### [WORK INSTRUCTIONS]
Only an exact repetition of the lines from the one holding "Ambrogio, Elite, Evolution" to the end of the data is wanted, with pictures left out.

### [COLLECTED MATERIAL]
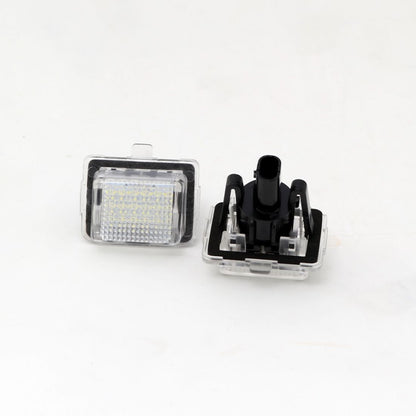 Плафони за задния номер за Mercedes W204 / W212 / C207 / W221 - с оригинална букса, 44x30 mm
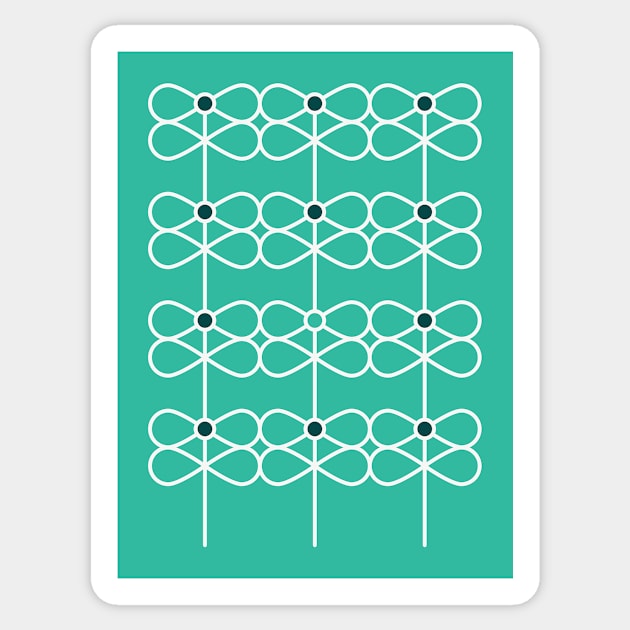 Bearberry Rows (Teal) Sticker by Cascade Patterns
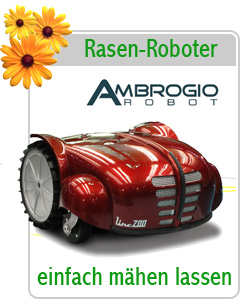 Roboter-Rasenmäher, Robomow, Automower, Ambrogio, Elite, Evolution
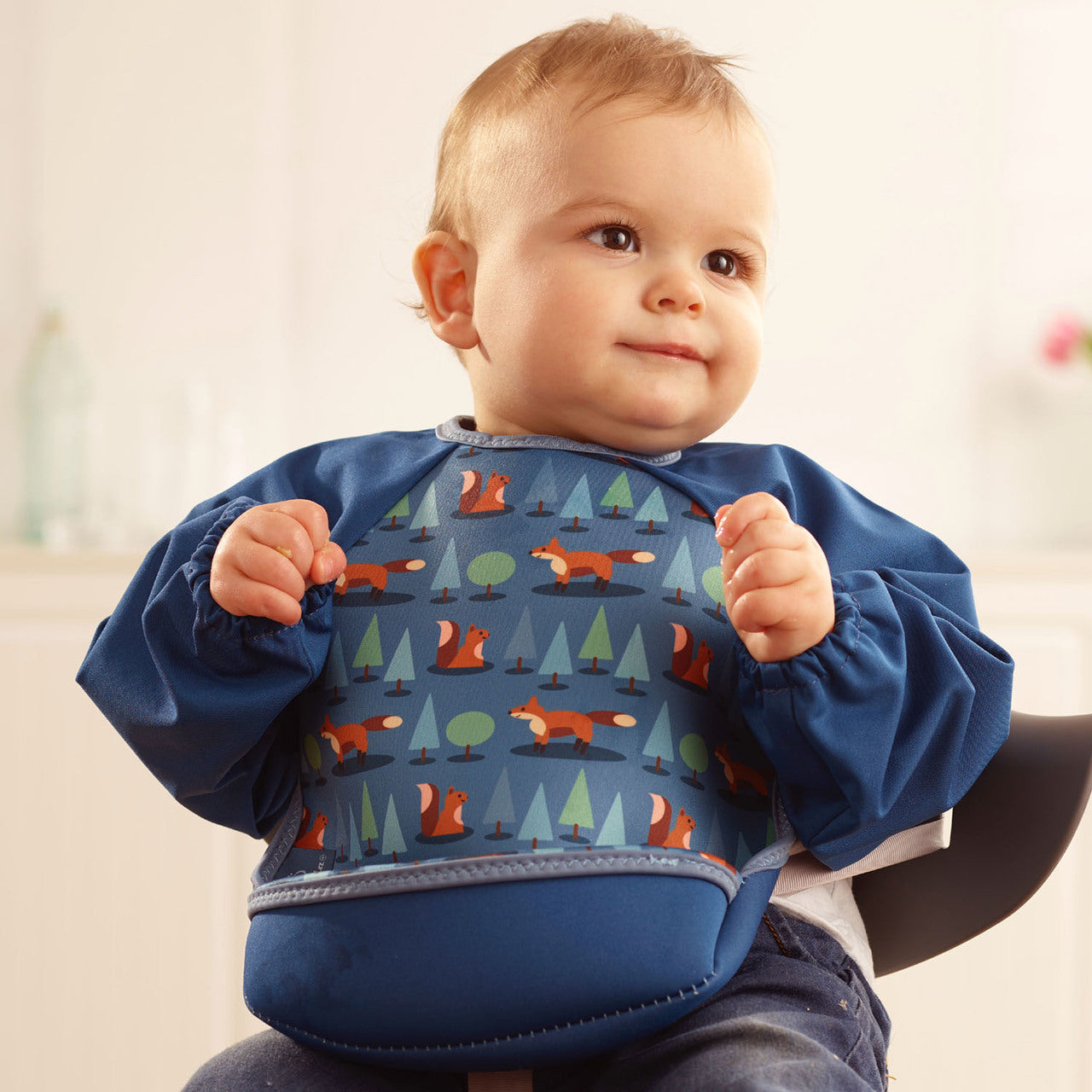 UltraBib with Sleeves - Foxes | Bibs | Bibetta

### [ANSWER FOR THE TASK]
 Roboter-Rasenmäher, Robomow, Automower, Ambrogio, Elite, Evolution
 UltraBib with Sleeves - Foxes | Bibs | Bibetta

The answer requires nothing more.